[Start of Attachment]

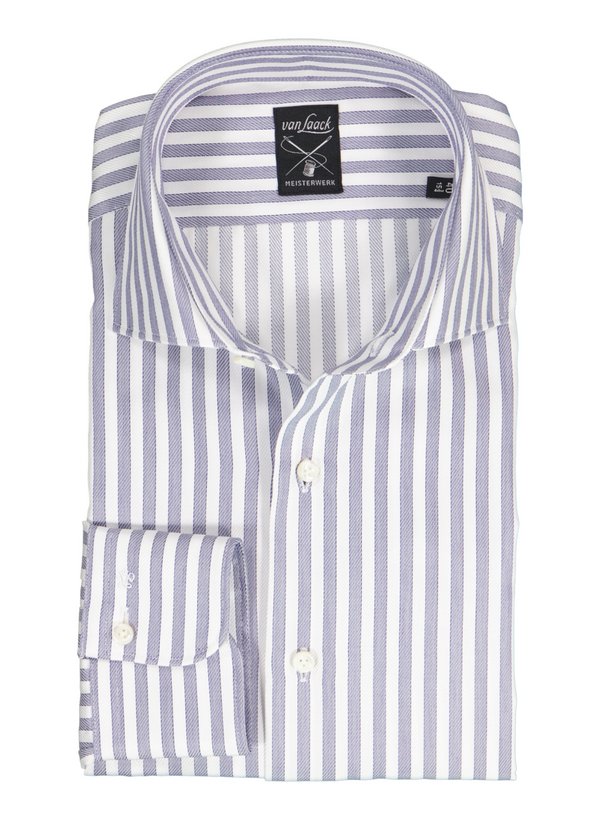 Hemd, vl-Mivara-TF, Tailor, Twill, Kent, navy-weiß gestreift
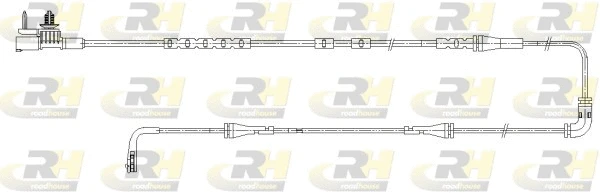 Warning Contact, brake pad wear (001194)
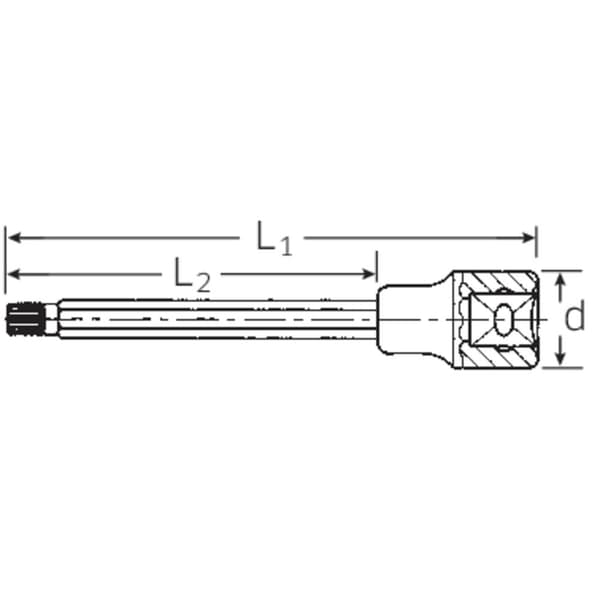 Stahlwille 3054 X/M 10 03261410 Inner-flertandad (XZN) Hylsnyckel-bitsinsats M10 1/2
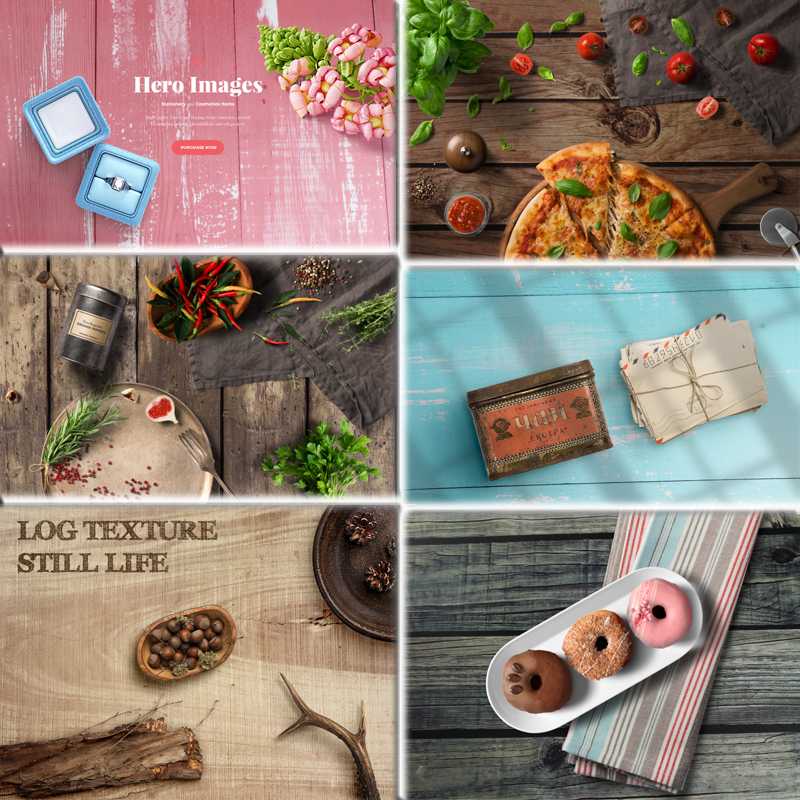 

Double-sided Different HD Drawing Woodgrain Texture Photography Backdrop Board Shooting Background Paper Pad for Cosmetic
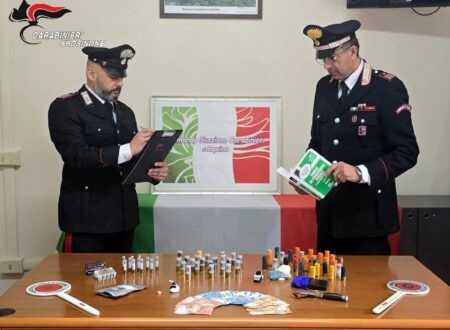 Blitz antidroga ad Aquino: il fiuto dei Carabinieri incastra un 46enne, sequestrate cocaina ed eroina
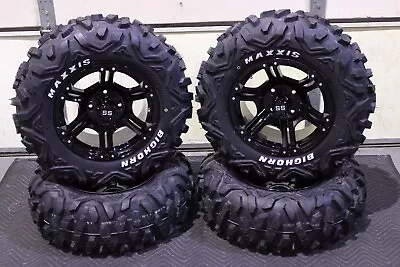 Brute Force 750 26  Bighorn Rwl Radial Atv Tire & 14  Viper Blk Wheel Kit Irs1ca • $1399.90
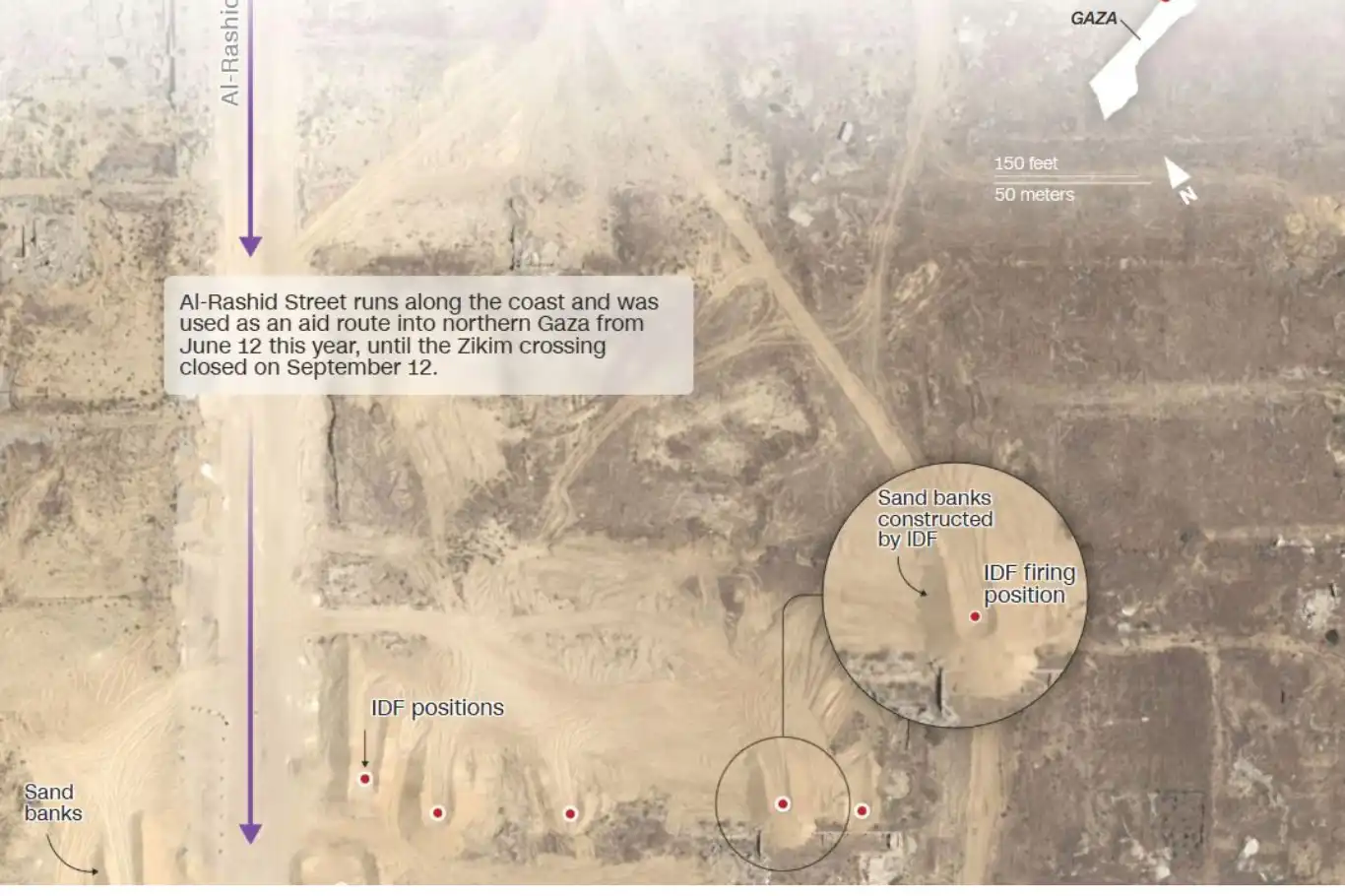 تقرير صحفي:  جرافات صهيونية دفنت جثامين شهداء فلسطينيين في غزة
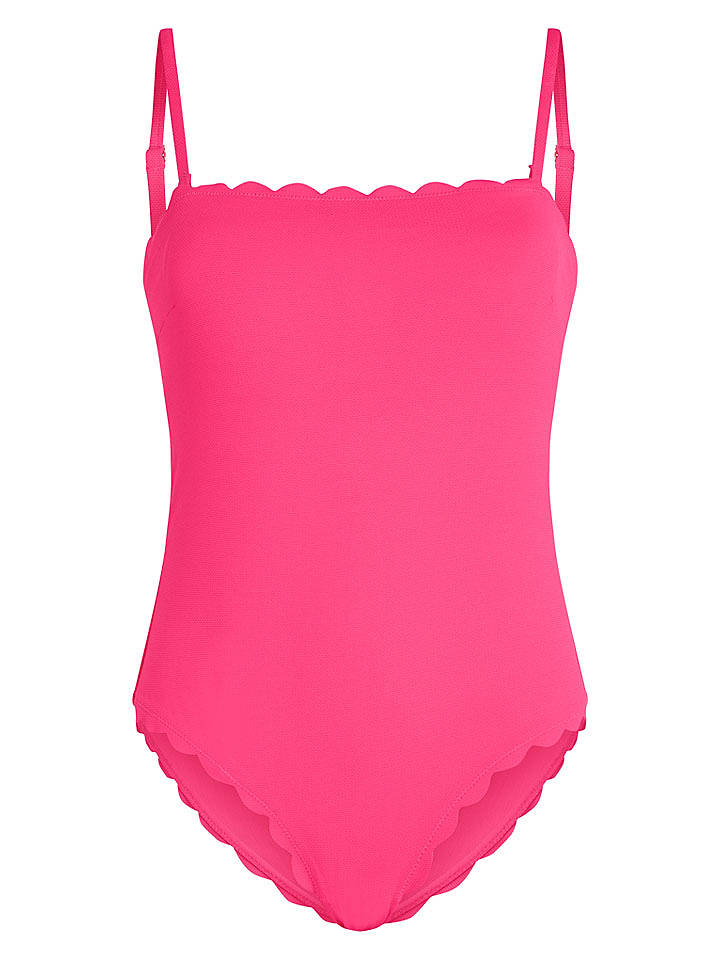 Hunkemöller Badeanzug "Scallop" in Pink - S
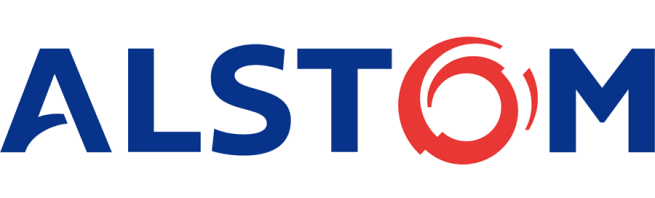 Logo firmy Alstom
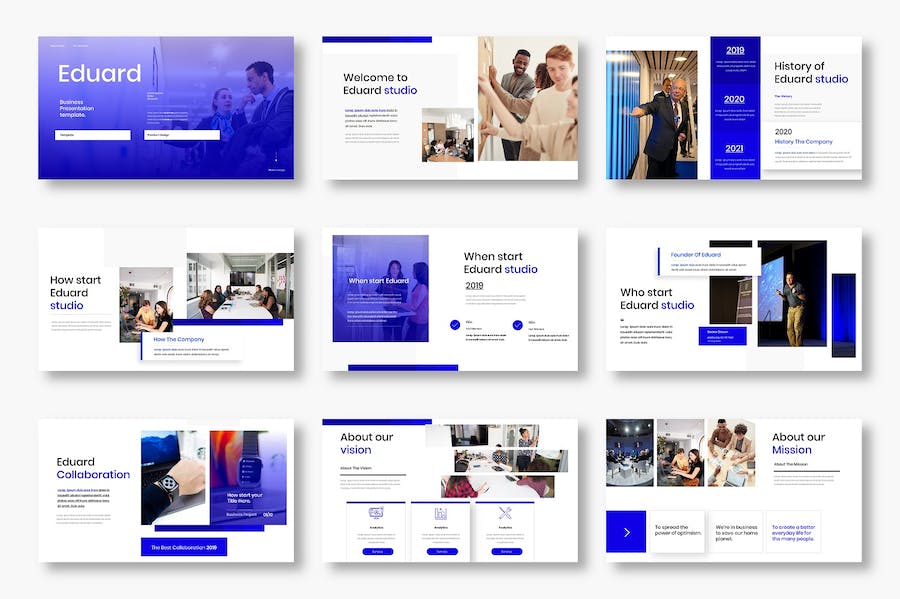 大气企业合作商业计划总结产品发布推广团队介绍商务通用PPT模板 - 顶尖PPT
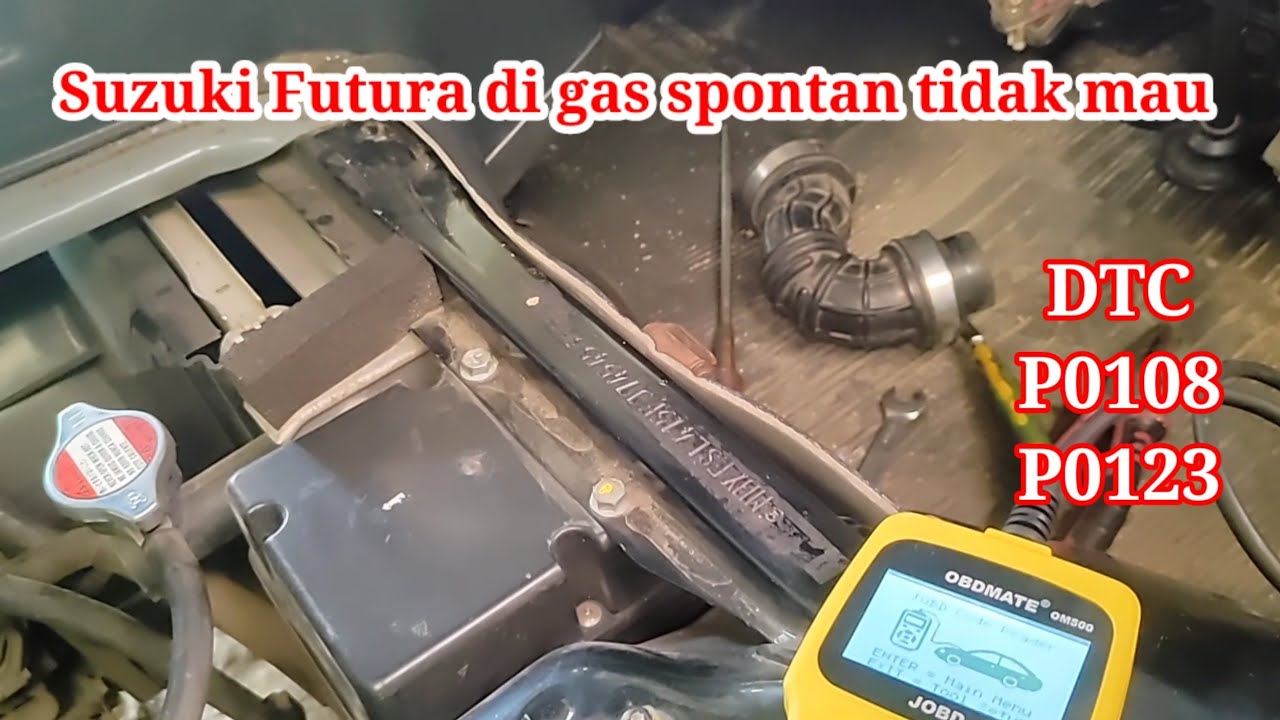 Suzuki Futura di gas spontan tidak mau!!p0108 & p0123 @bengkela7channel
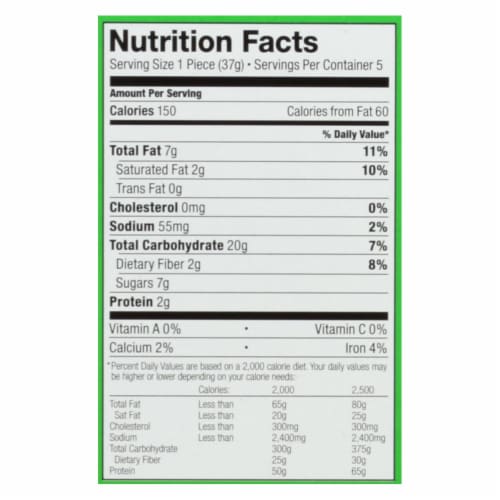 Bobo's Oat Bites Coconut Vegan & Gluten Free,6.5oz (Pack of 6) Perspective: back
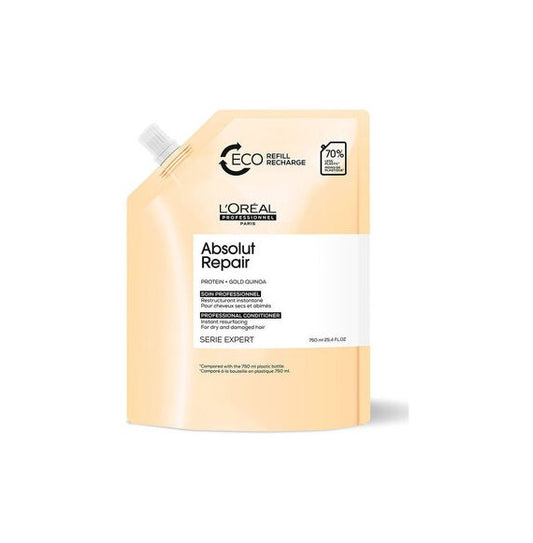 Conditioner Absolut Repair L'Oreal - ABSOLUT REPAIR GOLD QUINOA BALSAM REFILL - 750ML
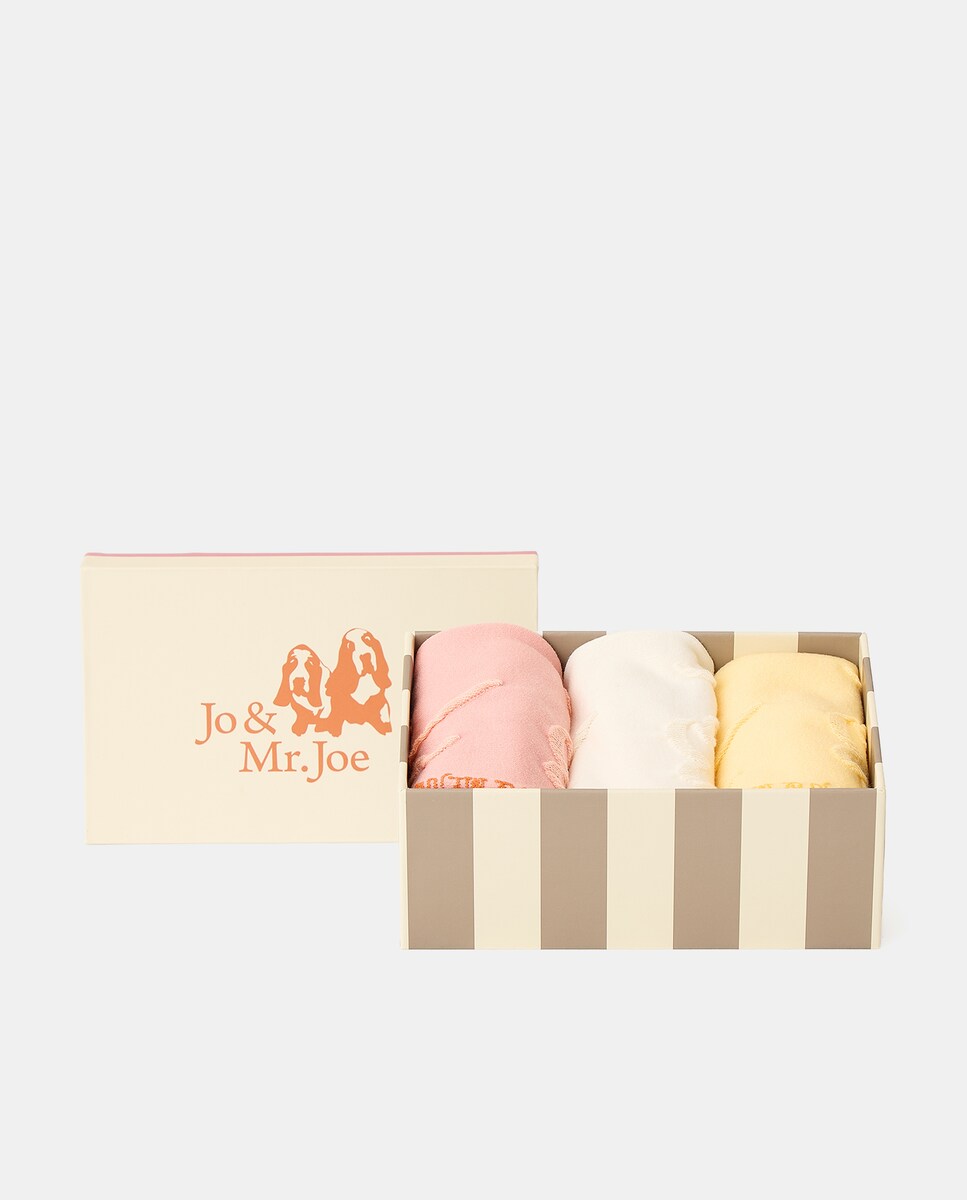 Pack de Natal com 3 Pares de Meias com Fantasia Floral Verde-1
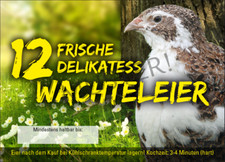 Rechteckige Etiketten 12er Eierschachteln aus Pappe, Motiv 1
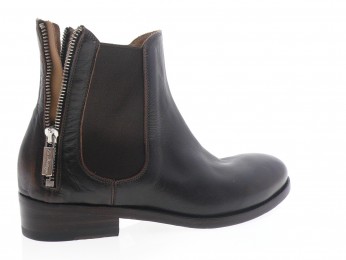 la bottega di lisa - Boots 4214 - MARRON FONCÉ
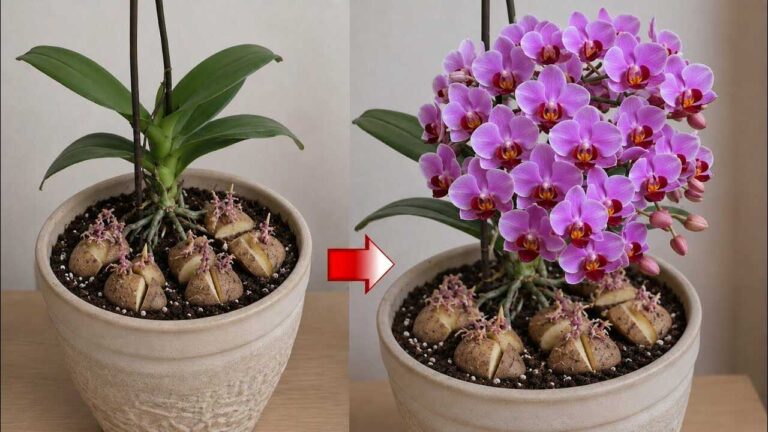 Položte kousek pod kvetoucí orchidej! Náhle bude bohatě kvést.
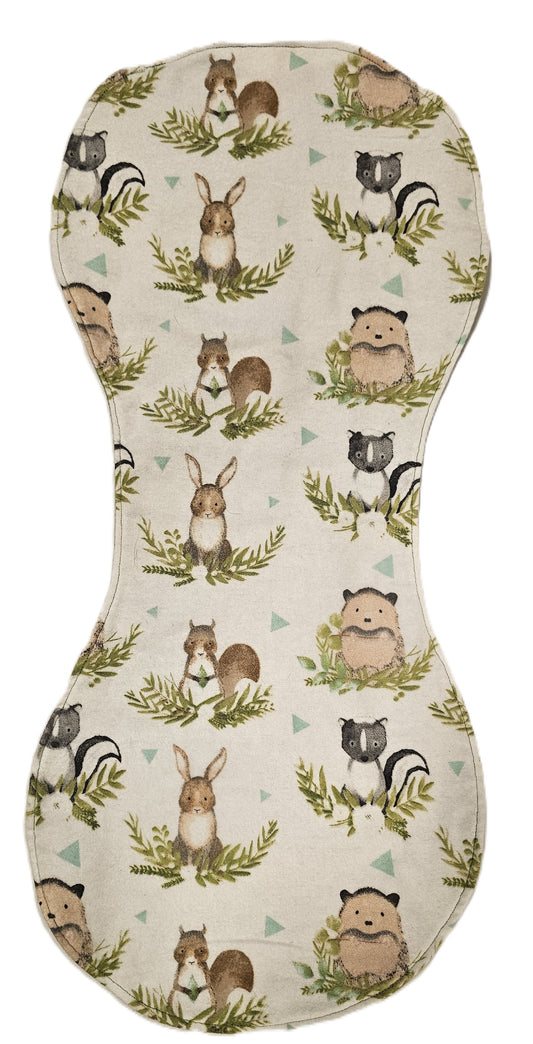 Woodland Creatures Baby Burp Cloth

[End of Attachment]

ASSIGNED TASK:
Write out the entries above in full and exactly; no pictures.

TASK RESULT:
 Hemd, vl-Mivara-TF, Tailor, Twill, Kent, navy-weiß gestreift
 Warning Contact, brake pad wear (001194)
 Stahlwille 3054 X/M 10 03261410 Inner-flertandad (XZN) Hylsnyckel-bitsinsats M10 1/2

Double-sided Different HD Drawing Woodgrain Texture Photography Backdrop Board Shooting Background Paper Pad for Cosmetic
 Blitz antidroga ad Aquino: il fiuto dei Carabinieri incastra un 46enne, sequestrate cocaina ed eroina
 Brute Force 750 26  Bighorn Rwl Radial Atv Tire & 14  Viper Blk Wheel Kit Irs1ca • $1399.90
 تقرير صحفي:  جرافات صهيونية دفنت جثامين شهداء فلسطينيين في غزة
 Hunkemöller Badeanzug "Scallop" in Pink - S
 Logo firmy Alstom
 大气企业合作商业计划总结产品发布推广团队介绍商务通用PPT模板 - 顶尖PPT
 Suzuki Futura di gas spontan tidak mau!!p0108 & p0123 @bengkela7channel
 Bobo's Oat Bites Coconut Vegan & Gluten Free,6.5oz (Pack of 6) Perspective: back
 Conditioner Absolut Repair L'Oreal - ABSOLUT REPAIR GOLD QUINOA BALSAM REFILL - 750ML
 Pack de Natal com 3 Pares de Meias com Fantasia Floral Verde-1
 Rechteckige Etiketten 12er Eierschachteln aus Pappe, Motiv 1
 la bottega di lisa - Boots 4214 - MARRON FONCÉ
 Položte kousek pod kvetoucí orchidej! Náhle bude bohatě kvést.
 Woodland Creatures Baby Burp Cloth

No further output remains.